The wellbore pressure reacts to changes in the rate of injection. Therefore, wellbore pressure changes resulting from an IR (“Injection Rate”) step cycle performed with two or more low injection rate steps may be useful in analyzing near-wellbore friction. Similarly, wellbore pressure changes resulting from an IR step cycle performed with two or more high injection rate steps may be useful in analyzing perforation friction. Hybrids of the foregoing may also be performed.

FIG. 2 provides theoretical plots of the rate of injection of a fracturing fluid and the wellbore pressure as a function of time for a fracturing operation according to at least some embodiments described herein. As used herein, the term “wellbore pressure” refers to the fluid pressure in the wellbore, which may be measured at a plurality of locations (e.g., at the wellhead, in the wellbore, or at bottomhole). The selection of the measurement location is not critical so long as it is consistent throughout the various measurements.
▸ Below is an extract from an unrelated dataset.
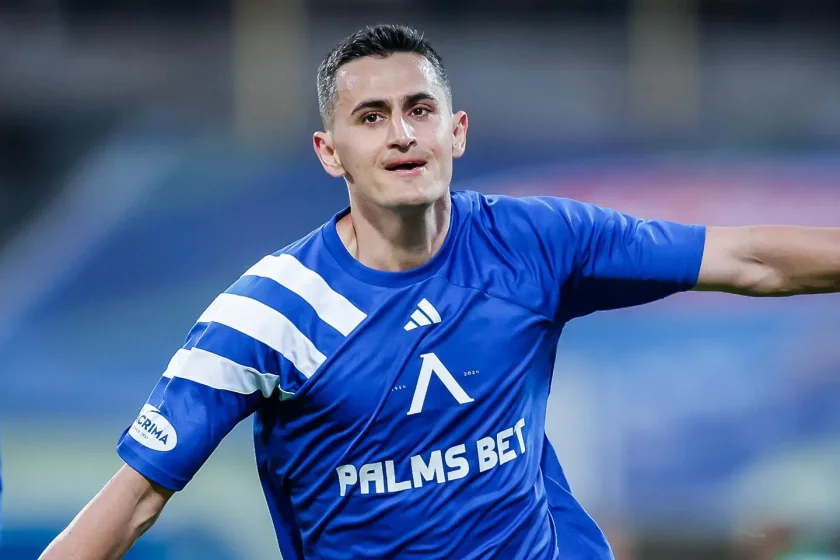 Георги Костадинов: В Левски има още потенциал, който не е разкрит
For the sake of simplicity, the rate of injection and wellbore pressure are illustrated as instantaneous, and the injection rates and wellbore pressures are illustrated as maintaining constant values in FIG. 2 and subsequent illustrations of the methods of the present disclosure. One skilled in the art would recognize that implementation of the methods described herein in the field would involve ramping up or down to the various injection rates and that the wellbore pressure may fluctuate while maintaining injection rates. Further, relative to maintaining injection rates, the term “maintaining” or derivatives thereof refer to holding the injection rate substantially constant (i.e., the injection rate±20%). Additionally, when illustrating the various IR step cycles in FIG. 2 and subsequent illustrations of the methods of the present disclosure, many of the injection rates appear to be equal. However, in practice, the injection rate may be substantially equal (“≈”), which, as used herein, refers to the corresponding values being within 40% of each other.
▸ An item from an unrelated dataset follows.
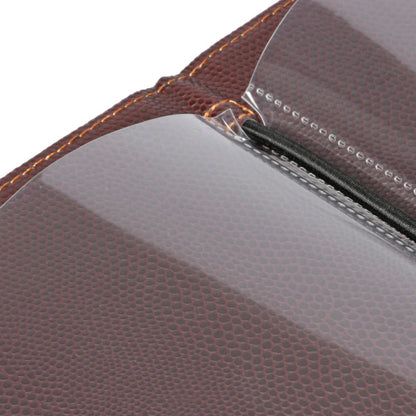H717 Securit Trendy menumap A4 wijnrood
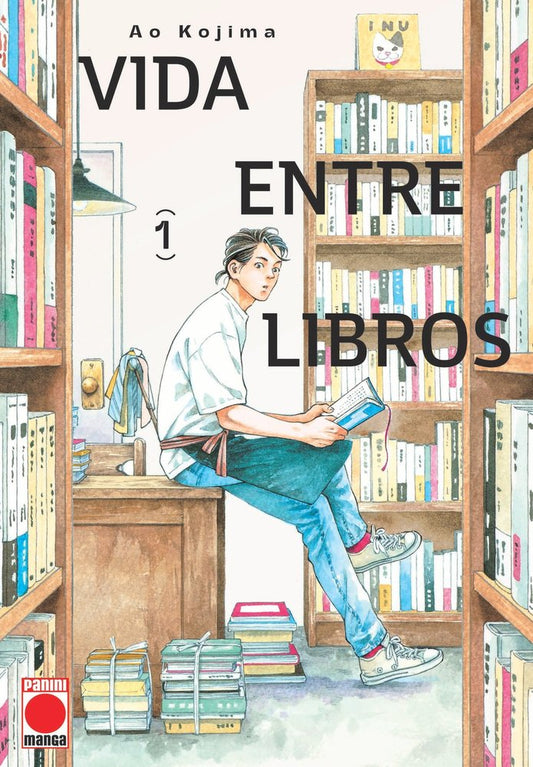 Vida entre libros 1.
As illustrated in FIG. 2, a fracturing cycle 202 is first performed at a design fracturing injection rate IR1 to create or extend at least one fracture in the subterranean formation. Then, an open low IR step cycle 204 is performed by reducing the rate of injection from IR1 to IR2 and then from IR2 to IR3, wherein IR2 and IR3 are low injection rates. As used herein, the term “open low IR step cycle” refers to an IR step cycle at low IR injection rates that are performed after a fracturing cycle and before a subsequent diversion cycle so that the fractures are most permeable in light of any previously performed cycles.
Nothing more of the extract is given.